[Material provided]

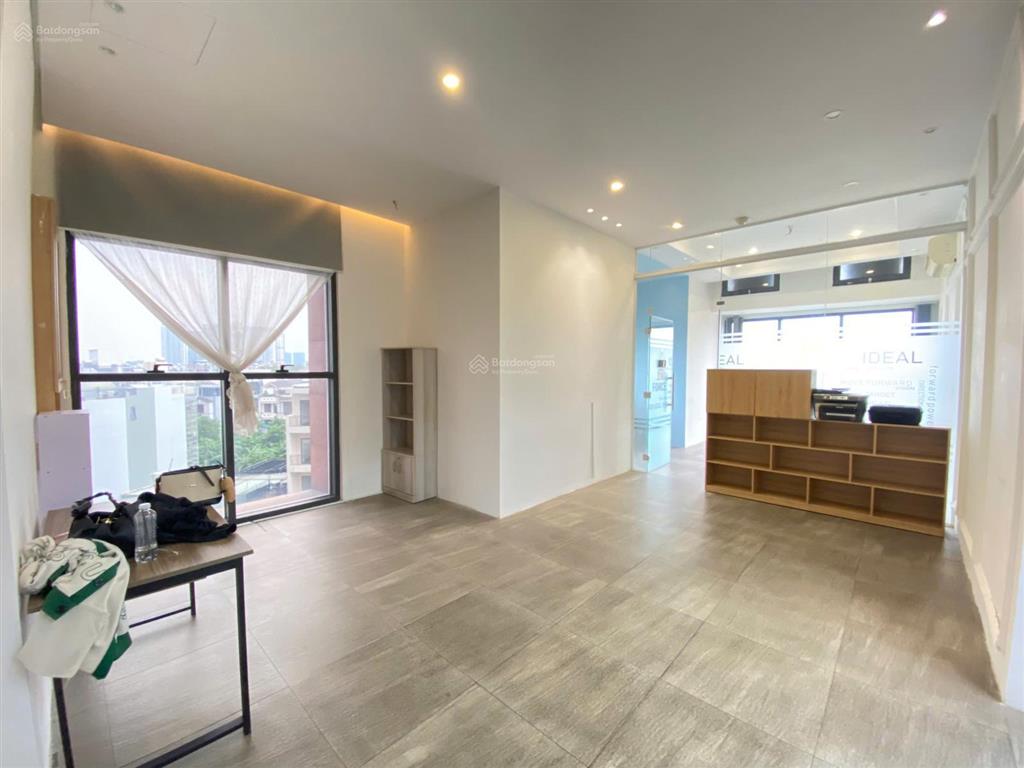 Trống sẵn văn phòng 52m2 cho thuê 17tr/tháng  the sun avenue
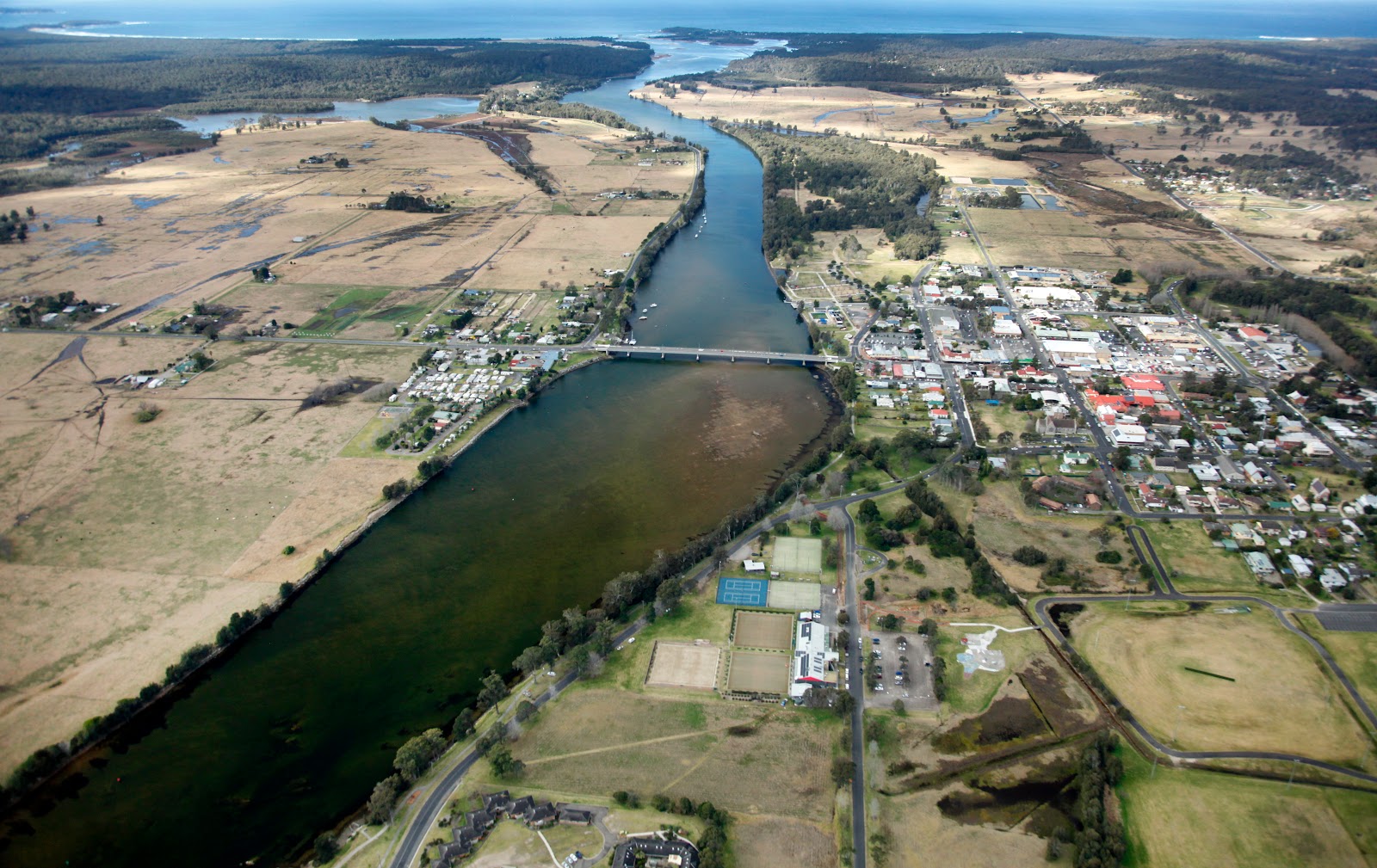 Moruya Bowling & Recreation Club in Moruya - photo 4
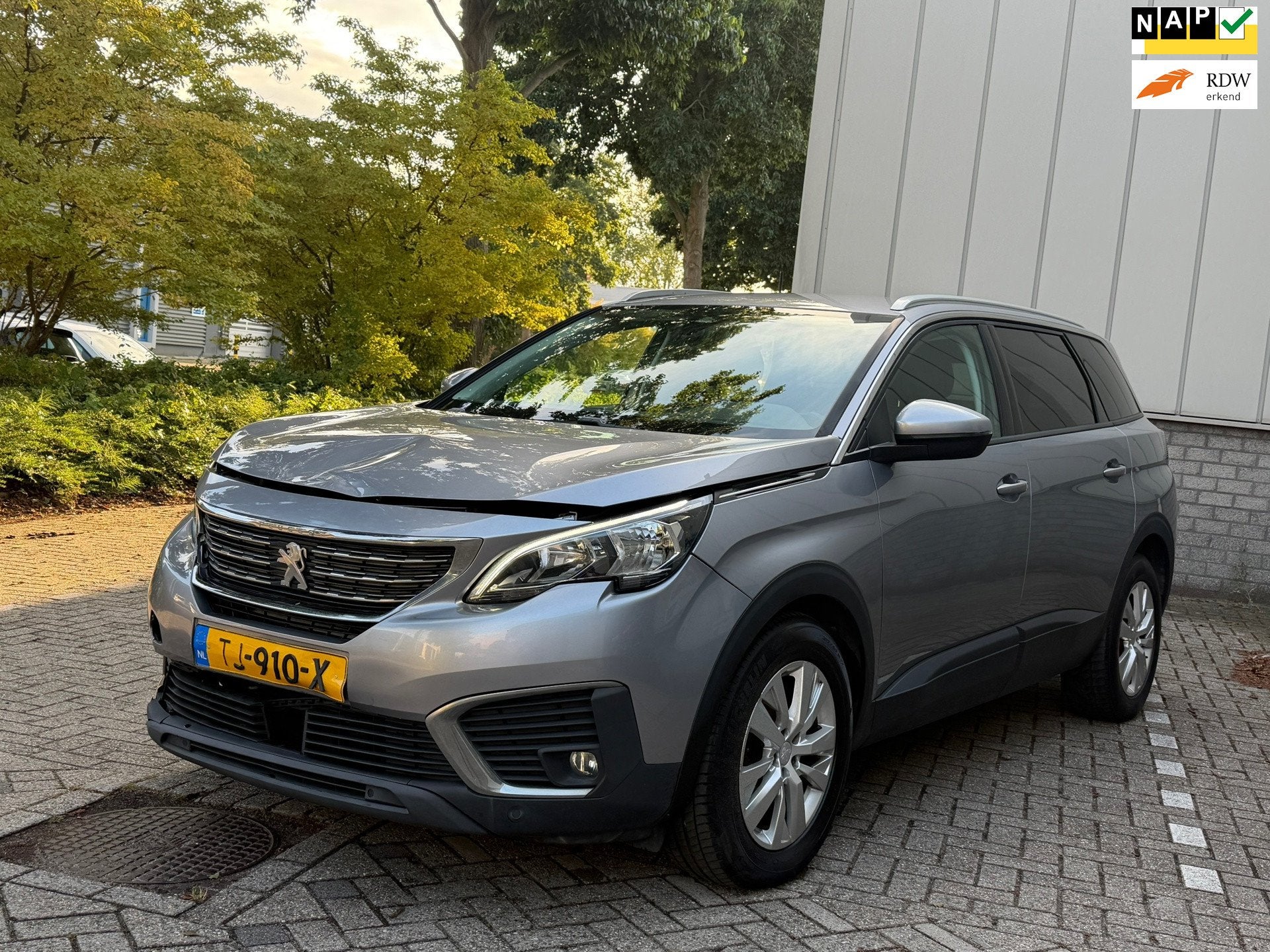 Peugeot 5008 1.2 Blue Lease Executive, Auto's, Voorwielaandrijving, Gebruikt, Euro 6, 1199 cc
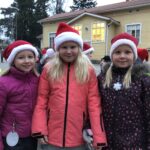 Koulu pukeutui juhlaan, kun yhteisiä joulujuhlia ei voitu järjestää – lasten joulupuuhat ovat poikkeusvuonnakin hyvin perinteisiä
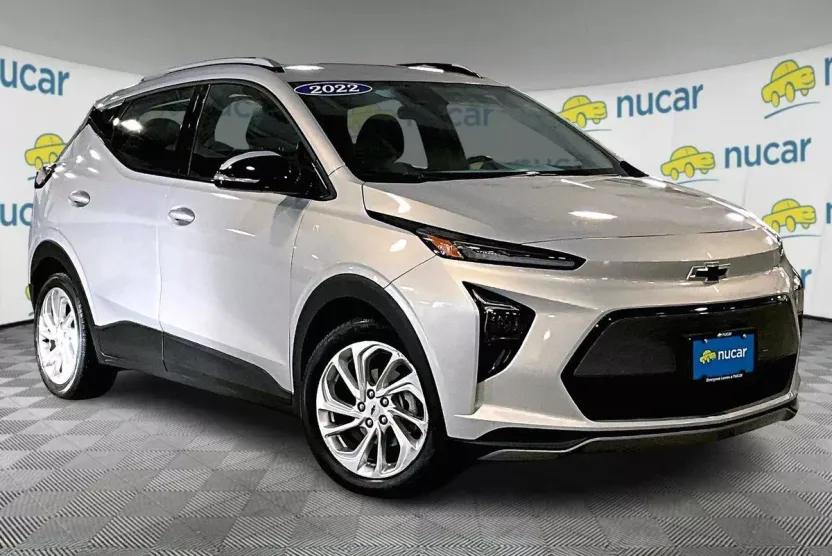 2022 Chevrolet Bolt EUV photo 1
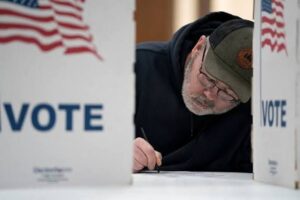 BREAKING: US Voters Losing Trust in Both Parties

[Aim of the task] An exact reproduction of all the records is required, with no pictures included.

[Response area]
 Trống sẵn văn phòng 52m2 cho thuê 17tr/tháng  the sun avenue
 Moruya Bowling & Recreation Club in Moruya - photo 4
 Peugeot 5008 1.2 Blue Lease Executive, Auto's, Voorwielaandrijving, Gebruikt, Euro 6, 1199 cc
 Koulu pukeutui juhlaan, kun yhteisiä joulujuhlia ei voitu järjestää – lasten joulupuuhat ovat poikkeusvuonnakin hyvin perinteisiä
 2022 Chevrolet Bolt EUV photo 1
 BREAKING: US Voters Losing Trust in Both Parties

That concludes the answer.